President Reagan has pardoned Eugenio Martinez, one of those arrested inside the Watergate office building in the June 17, 1972, burglary of Democratic National Committee headquarters.

Administration officials said Reagan signed the pardon on Wednesday.

Martinez is only the second person to be pardoned in the Watergate scandal. The other was former president Richard M. Nixon, who was never charged with a crime but resigned on Aug. 9, 1974, and was pardoned by his successor, President Ford.

Martinez, 60, was sentenced to one to four years in prison for his role in the burglary that touched off the Watergate scandal. He pleaded guilty to conspiracy, burglary and wiretapping counts, and served 15 months at a minimum-security prison in Florida before being paroled in January, 1974. A pardon would clear his name and allow him to vote.

Martinez, who now works at a Miami car dealership, told ABC last night that the pardon "is the end of an era, of a chapter in my life . . . . After today, it will be over."

Saying that he feels that he was merely following the orders of his government, Martinez said that nonetheless he now will "be more than happy to give a better name to my children and my grandchildren."

Martinez also was convicted of conspiracy for his role in the Sept. 3, 1971, break-in at the office of Dr. Lewis Fielding, the psychiatrist of Pentagon Papers defendant Daniel Ellsberg. But that conviction was reversed on appeal.

Daniel E. Schultz, a lawyer here who says he sought pardons for the four Miami Cubans arrested in the Watergate break-in, said last night that the pardon requests had lain dormant at the Justice Department for several years. Schultz said he had not been told of Reagan's decision and did not know why Martinez' pardon had been approved now.

The White House could offer no further explanation last night. It was announced yesterday, however, that Reagan will make an appearance next Friday before a Cuban-American group in Miami. Reagan's strong stand against communism in Central America in general and against Cuban President Fidel Castro in particular has long made him a popular figure among the Cubans in Miami.

Reagan has been courting Hispanics as part of an effort to lay the groundwork for a possible 1984 reelection campaign.

Before the Watergate break-in, Martinez had long been active in CIA-sponsored covert efforts to overthrow the Castro regime. He maintained throughout the Watergate and Ellsberg break-in cases that he believed he was engaged in legitimate national security operations.

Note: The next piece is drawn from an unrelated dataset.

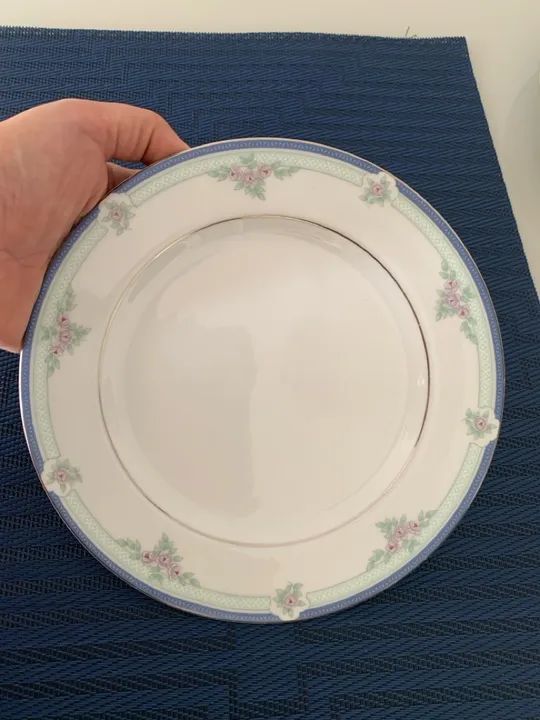 PRATOS EM PORCELANA SCHMIDT BRANCA COM DECORAÇÃO FLORAL E FAIXAS AZUL E VERDE. - Foto 2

"There was absolutely no question that the Miami Cubans had been hoodwinked and had good reason to believe" they were engaged in legitimate intelligence activities, said Schultz, who said he based the pardon requests on this point and on Martinez' long service to the government in a "covert capacity."

"It was never in my mind to do any wrongdoing," Martinez told U.S. District Court Judge Gerhard A. Gesell at a 1974 sentencing hearing in the Ellsberg case.

There was no word from the administration last night about possible pardons for the other three Cubans arrested at the Democratic National Committee headquarters--Bernard L. Barker, Virgilio Gonzalez and Frank Sturgis.

In 1977, President Carter commuted the sentence of G. Gordon Liddy, the mastermind of the break-in, enabling him to be released from prison after serving four years and four months.

Schultz said he first filed a pardon request for Martinez while Nixon was still in office and resubmitted it in the Ford administration. After Martinez' conviction in the Ellsberg case was reversed on appeal, the pardon request was resubmitted again, he said.

There were seven original defendants in the Watergate break-in case. The others were James McCord Jr. and E. Howard Hunt Jr.